A Câmara dos Deputados aprovou, na madrugada desta quarta, 10, uma mudança legislativa que altera a forma de cálculo das penas aplicadas a condenados pelos atos antidemocráticos de 8 de janeiro de 2023, abrindo caminho para reduções significativas nas punições fixadas pelo Supremo Tribunal Federal.

O texto, aprovado por 291 votos a 148, segue agora para o Senado. A proposta é um substitutivo do deputado Paulinho da Força (Solidariedade-SP), que modificou o projeto original de autoria de Marcelo Crivella (Republicanos-RJ) e outros parlamentares. A versão final retira a ideia de anistia ampla, mas estabelece que, quando dois crimes — tentativa de golpe de Estado e tentativa de abolir o Estado Democrático de Direito — forem cometidos no mesmo contexto, deverá prevalecer apenas a pena mais alta, e não a soma das duas.
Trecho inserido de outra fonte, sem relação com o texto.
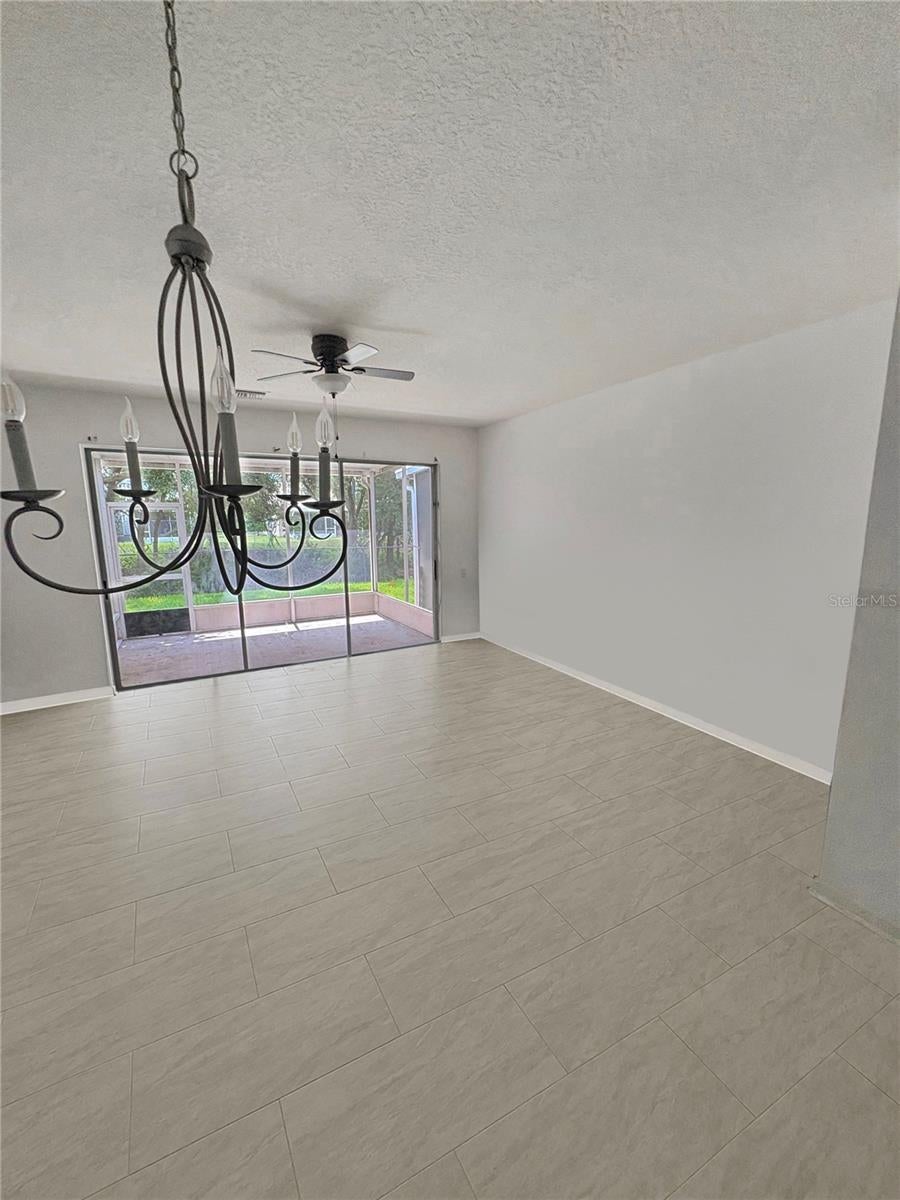 4924 Chatham Gate Dr, Riverview, FL 33578 photo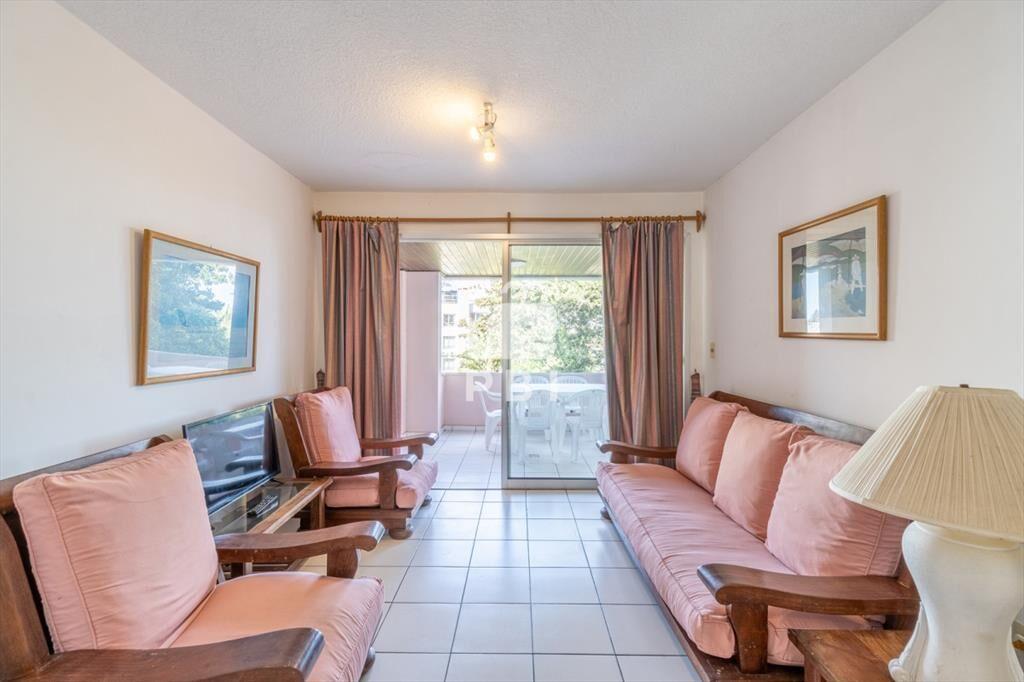 Apartamento en venta Playa Mansa 3 dormitorios -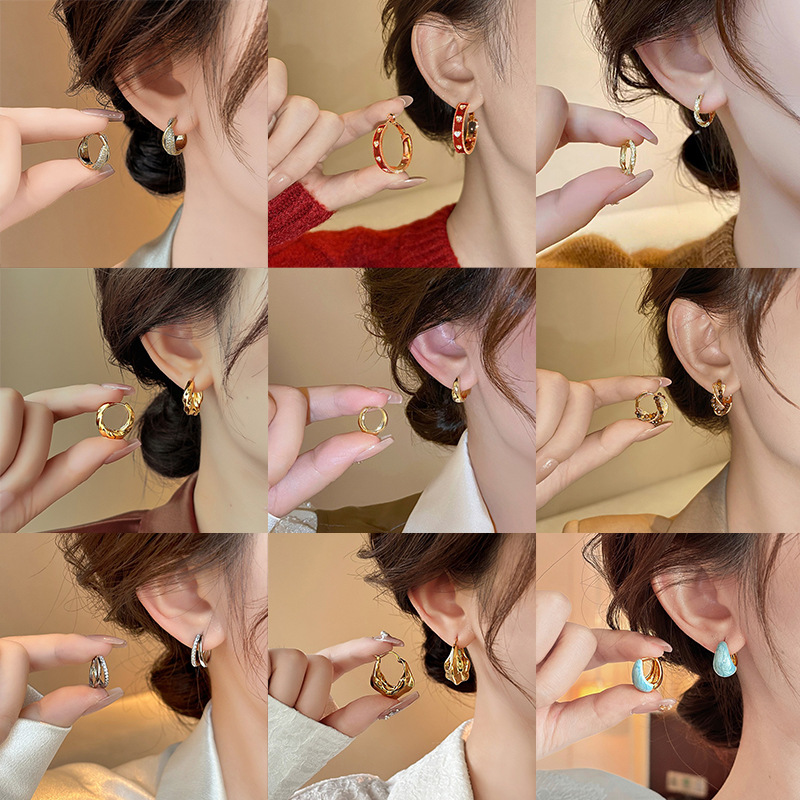 Cubic Zirconia And Pearl Stud Earrings For Everyday Elegance_voghion.com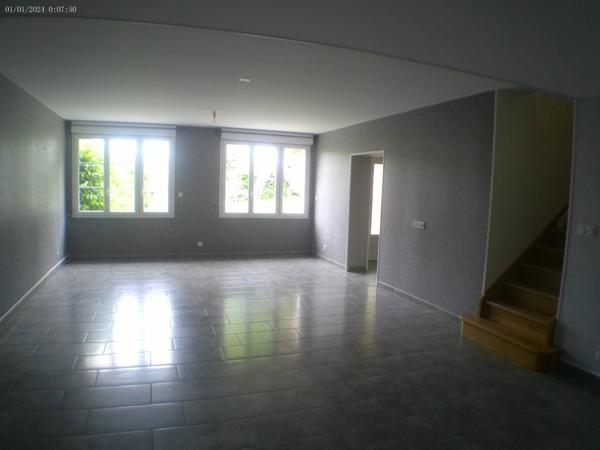 ⚜ ARS Maison en Pierre A Louer 11 Pièces ⚜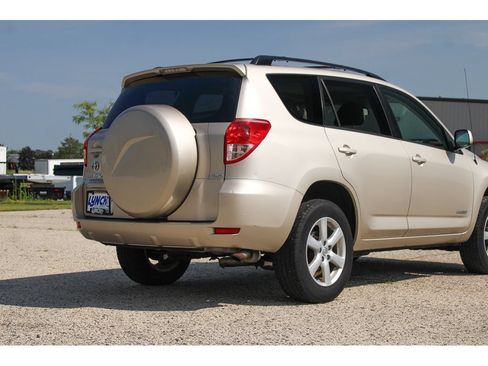 Used 2006 Toyota RAV4 Limited AWD/4WD image 16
A mudança tem potencial para alterar significativamente o total de anos de prisão de condenados no chamado grupo principal do 8 de Janeiro, que inclui nomes como Jair Bolsonaro, Almir Garnier, Paulo Sérgio Nogueira, Braga Netto, Augusto Heleno, Anderson Torres e Alexandre Ramagem. Eles receberam penas entre 16 e 24 anos de reclusão em decisão definitiva da 1ª Turma do STF, em novembro.

Com a nova regra, a pena considerada seria a mais alta — a da tentativa de golpe de Estado, que varia de 4 a 12 anos — sobre a qual ainda incidem agravantes e atenuantes. Parlamentares da oposição estimam que Jair Bolsonaro poderia ter sua pena em regime fechado reduzida para cerca de 2 anos e 4 meses, bem abaixo dos 7 anos e 8 meses previstos pela execução penal atual.

A definição final, entretanto, caberá ao STF. A Corte ainda deverá avaliar eventuais pedidos de revisão e considerar fatores como estudo e trabalho em regime domiciliar que podem impactar o tempo total de cumprimento da pena.